▶ _Work instructions_
Pictures stay out of the copy; output exactly the lines from the one containing "COOKMATE Stainless Steel" through the end of the material.

▶ _Material provided_

--

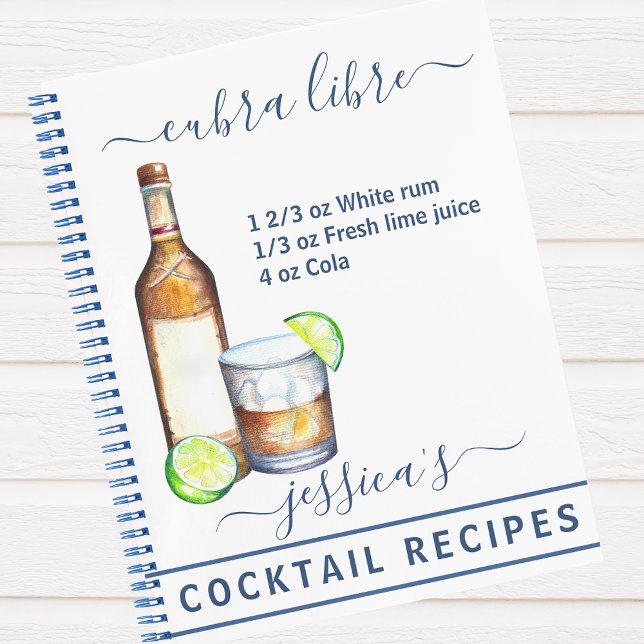 Cocktail Watercolor Recipe Mixed Drinks Rum Notebook (Creator Uploaded)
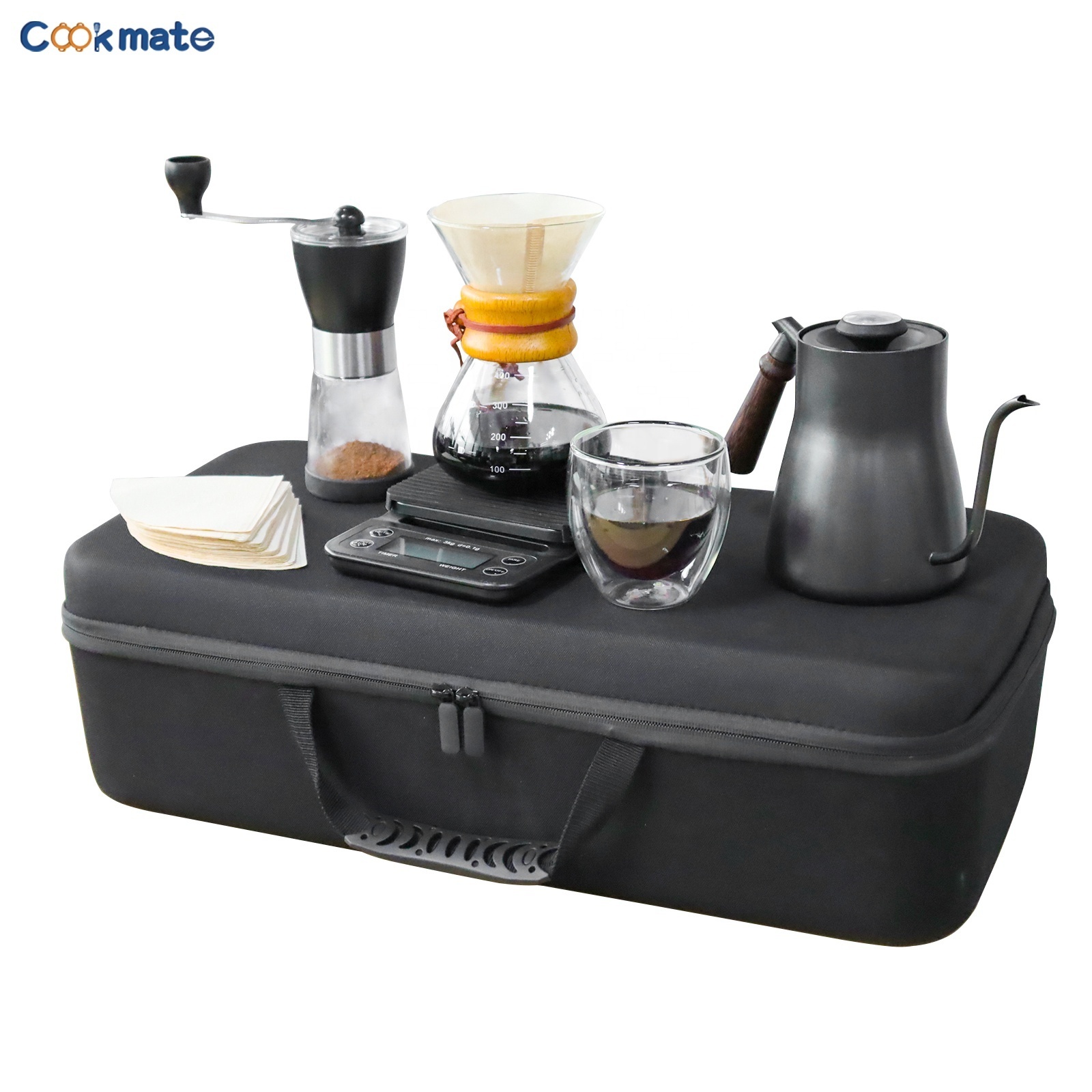 COOKMATE Stainless Steel  Burr Coffee Brewing Travel Bag Pour Over Coffee Maker Set for coffee kit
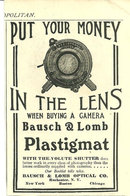 Bausch and Lomb Camera Lens 1904 Cosmopiltan Ad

--

▶ _Task output_
 COOKMATE Stainless Steel  Burr Coffee Brewing Travel Bag Pour Over Coffee Maker Set for coffee kit
 Bausch and Lomb Camera Lens 1904 Cosmopiltan Ad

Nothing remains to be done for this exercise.